Exercise goal. Your reply should set down word for word each line below from the one with "油茶苗、大果紅花油茶苗 大果紅花油茶種子" through the final line, both included, but none of the pictures.

___

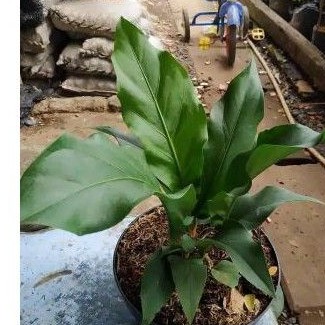 Tanaman hias argonema gelombang cinta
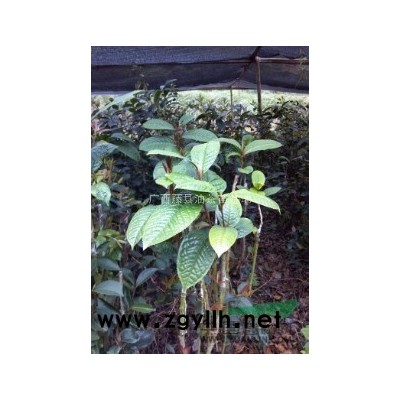 油茶苗、大果紅花油茶苗 大果紅花油茶種子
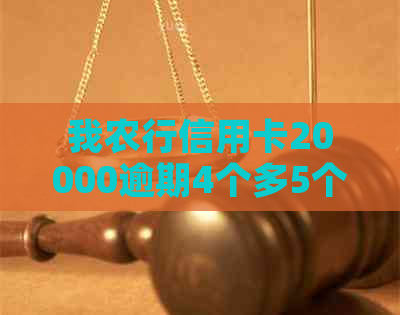 我农行信用卡20000逾期4个多5个月了会怎么样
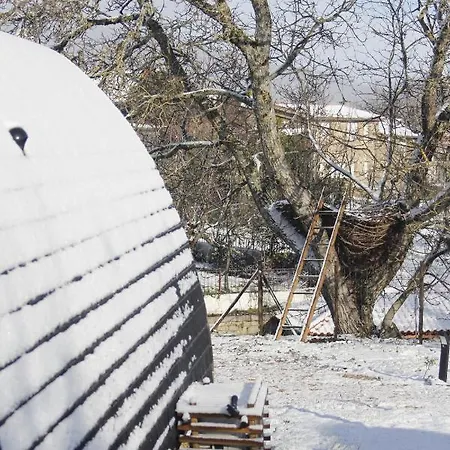 Glamping Hills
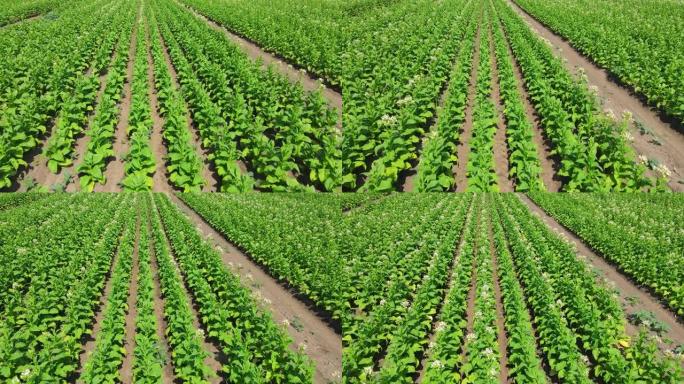 田间种植烟草的鸟瞰图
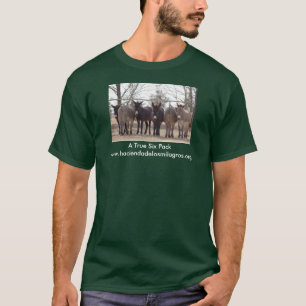 T-shirt Des six paquets vrai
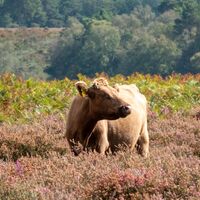 New Forest cow, standing in heather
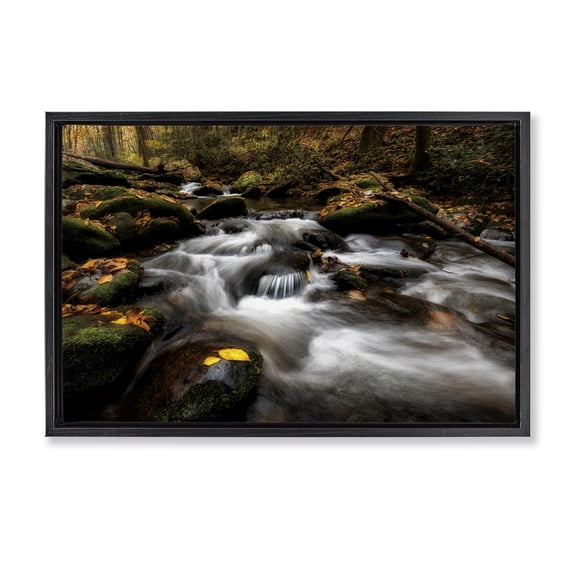 Stupell Industries Farmhouse Fallen Leaves on Stream Black Floating Frame Canvas Art, 25 x 17, by D. Burt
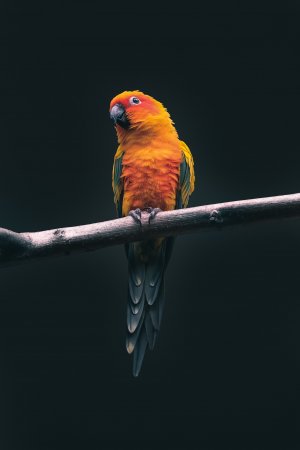 Тропические птицы-попугаи.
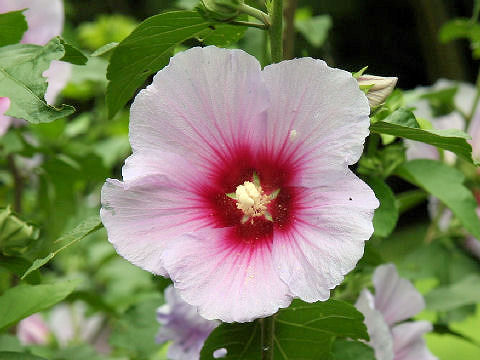 Hibiscus syriacus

___

Solved problem.
 油茶苗、大果紅花油茶苗 大果紅花油茶種子
 我农行信用卡20000逾期4个多5个月了会怎么样
 Glamping Hills
 田间种植烟草的鸟瞰图
 T-shirt Des six paquets vrai
 New Forest cow, standing in heather
 Stupell Industries Farmhouse Fallen Leaves on Stream Black Floating Frame Canvas Art, 25 x 17, by D. Burt
 Тропические птицы-попугаи.
 Hibiscus syriacus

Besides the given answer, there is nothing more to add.